A contact high is the experience of sensing or perceiving drug effects when in the company of someone who has actually taken drugs, without having taken the drug yourself. For example, an experienced acid (LSD) user who is spending recreational time with someone who is "tripping" on LSD may start to feel as if they, too, are under the influence of LSD. They may start to have bizarre thoughts, to experience mild pseudo-hallucinations, and to find everyday situations hilariously funny. Equally, they may share feelings of fear, anxiety, or panic that are being expressed by the other person.
A contact high can also happen when someone has taken a placebo, or a substance containing no psychoactive ingredients -- a common money-making drug dealers' trick -- believing that they have taken a real drug, when they are around others who really have taken the drug. It may also relate to set and setting, which has a profound impact on users' experience of drugs, and even the intensity of the drug effect.
Unlike the related phenomenon of expectancy effect, in which people experience drug effects when expecting them -- either through taking a placebo or "dummy" drug, or through taking a real drug -- contact highs are not well researched in the drug abuse field. The difference between an expectancy effect and a contact high is that with a contact high, the person experiencing it need not think that they have actually taken the drug to experience its effects.

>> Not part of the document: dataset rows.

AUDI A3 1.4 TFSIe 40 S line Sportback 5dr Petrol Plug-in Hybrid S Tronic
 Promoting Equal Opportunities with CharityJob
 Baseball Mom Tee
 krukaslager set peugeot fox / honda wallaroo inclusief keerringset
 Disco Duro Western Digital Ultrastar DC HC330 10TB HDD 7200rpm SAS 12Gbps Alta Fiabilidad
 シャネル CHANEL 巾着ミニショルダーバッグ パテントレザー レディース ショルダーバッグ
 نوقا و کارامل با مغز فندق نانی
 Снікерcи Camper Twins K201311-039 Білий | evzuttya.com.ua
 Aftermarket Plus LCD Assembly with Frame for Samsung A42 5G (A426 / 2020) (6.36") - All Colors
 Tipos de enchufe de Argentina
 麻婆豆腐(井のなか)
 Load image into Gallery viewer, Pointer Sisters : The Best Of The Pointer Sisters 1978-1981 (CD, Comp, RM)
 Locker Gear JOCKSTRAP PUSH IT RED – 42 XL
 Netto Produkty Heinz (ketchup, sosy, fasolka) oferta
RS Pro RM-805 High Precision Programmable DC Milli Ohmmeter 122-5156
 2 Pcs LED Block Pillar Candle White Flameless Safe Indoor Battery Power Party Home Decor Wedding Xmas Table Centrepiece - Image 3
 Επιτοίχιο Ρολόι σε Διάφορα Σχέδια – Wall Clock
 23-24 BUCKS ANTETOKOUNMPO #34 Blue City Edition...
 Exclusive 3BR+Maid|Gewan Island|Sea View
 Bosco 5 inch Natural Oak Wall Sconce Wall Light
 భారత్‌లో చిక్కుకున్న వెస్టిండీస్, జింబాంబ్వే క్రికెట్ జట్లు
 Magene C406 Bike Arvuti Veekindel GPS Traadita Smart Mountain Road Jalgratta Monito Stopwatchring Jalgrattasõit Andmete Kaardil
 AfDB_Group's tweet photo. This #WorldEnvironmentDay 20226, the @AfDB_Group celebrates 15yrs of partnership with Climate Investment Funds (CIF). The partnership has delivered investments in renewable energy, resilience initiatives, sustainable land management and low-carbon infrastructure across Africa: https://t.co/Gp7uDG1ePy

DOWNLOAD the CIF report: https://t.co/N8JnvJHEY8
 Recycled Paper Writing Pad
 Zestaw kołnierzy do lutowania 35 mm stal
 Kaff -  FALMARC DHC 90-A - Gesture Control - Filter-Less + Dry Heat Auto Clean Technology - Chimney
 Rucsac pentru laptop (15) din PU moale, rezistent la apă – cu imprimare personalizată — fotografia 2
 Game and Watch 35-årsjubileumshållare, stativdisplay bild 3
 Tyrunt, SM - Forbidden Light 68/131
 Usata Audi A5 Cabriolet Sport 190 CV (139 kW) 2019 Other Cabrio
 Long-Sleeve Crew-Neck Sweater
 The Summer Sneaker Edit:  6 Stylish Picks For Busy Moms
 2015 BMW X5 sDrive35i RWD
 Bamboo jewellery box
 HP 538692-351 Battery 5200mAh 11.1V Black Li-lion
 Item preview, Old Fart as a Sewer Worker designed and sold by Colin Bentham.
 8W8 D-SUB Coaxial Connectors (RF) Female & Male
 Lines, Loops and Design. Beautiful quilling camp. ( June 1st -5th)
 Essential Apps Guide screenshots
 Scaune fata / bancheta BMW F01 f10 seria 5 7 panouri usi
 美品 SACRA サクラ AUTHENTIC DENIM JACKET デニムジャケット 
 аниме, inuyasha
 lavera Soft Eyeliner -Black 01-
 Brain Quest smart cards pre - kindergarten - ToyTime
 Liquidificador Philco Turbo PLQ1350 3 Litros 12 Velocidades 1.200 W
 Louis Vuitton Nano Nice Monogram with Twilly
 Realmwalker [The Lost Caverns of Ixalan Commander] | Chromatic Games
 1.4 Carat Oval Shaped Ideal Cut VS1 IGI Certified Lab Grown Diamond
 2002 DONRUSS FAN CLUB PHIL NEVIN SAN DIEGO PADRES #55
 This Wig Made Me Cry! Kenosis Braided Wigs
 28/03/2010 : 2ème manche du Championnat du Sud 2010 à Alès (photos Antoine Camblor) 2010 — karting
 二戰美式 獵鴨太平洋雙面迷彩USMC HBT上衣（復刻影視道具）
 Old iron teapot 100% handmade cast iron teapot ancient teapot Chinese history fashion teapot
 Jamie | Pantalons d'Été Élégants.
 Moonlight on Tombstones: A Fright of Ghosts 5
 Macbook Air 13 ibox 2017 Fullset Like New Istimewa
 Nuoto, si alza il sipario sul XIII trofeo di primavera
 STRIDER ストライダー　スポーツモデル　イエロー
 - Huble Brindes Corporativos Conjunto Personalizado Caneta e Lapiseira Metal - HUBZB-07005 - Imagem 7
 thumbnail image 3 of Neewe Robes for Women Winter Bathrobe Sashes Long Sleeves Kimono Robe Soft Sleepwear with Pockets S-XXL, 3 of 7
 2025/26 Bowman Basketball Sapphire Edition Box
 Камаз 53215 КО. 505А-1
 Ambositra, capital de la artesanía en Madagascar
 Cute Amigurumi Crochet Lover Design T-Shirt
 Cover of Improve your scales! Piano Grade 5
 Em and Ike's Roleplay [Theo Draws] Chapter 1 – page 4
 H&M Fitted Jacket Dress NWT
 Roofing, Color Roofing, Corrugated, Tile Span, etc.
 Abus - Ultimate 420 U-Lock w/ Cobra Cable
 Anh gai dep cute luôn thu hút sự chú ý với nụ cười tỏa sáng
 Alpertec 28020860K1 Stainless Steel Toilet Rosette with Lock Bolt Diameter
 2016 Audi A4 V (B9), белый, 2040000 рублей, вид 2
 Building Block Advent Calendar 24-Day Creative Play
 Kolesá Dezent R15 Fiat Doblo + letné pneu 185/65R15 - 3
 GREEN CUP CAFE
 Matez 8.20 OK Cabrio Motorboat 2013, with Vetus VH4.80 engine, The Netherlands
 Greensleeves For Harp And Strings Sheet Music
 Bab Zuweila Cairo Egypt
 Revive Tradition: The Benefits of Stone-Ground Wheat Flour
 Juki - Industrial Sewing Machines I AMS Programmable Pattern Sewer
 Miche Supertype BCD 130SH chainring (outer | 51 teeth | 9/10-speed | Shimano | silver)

In contrast, the phenomenon of the contact high is well known within the drug user community -- and many drug users avoid or seek out other users specifically to avoid or to induce a contact high. Within the rave culture, for example, a sub-set of ex-drug users and non-users choose not to use drugs, but enjoy the feelings of stimulation and excitement they feel around others who are on stimulating drugs such as ecstasy and meth.
A contact high doesn't even require direct contact with the person who has taken drugs. In his review of the book, Tripping: An Anthology of True-Life Psychedelic Adventures, Spalding Gray wrote: "I couldn't stop dipping in and out of this juicy book, flying from New York to Detroit. At times, it felt like just reading it was keeping the plane up. Wow! What a contact high."
Hayes, C. & McKenna, T. Tripping: An Anthology of True-Life Psychedelic Adventures. New York: Penguin. 2000.
Grof, S. When the Impossible Happens: Adventures in Non-Ordinary Reality. Louisville, CO: Sounds True, Inc. 2005.
Zinberg, N. Drug, Set, and Setting: The Basis for Controlled Intoxicant Use. Yale University Press. 1986.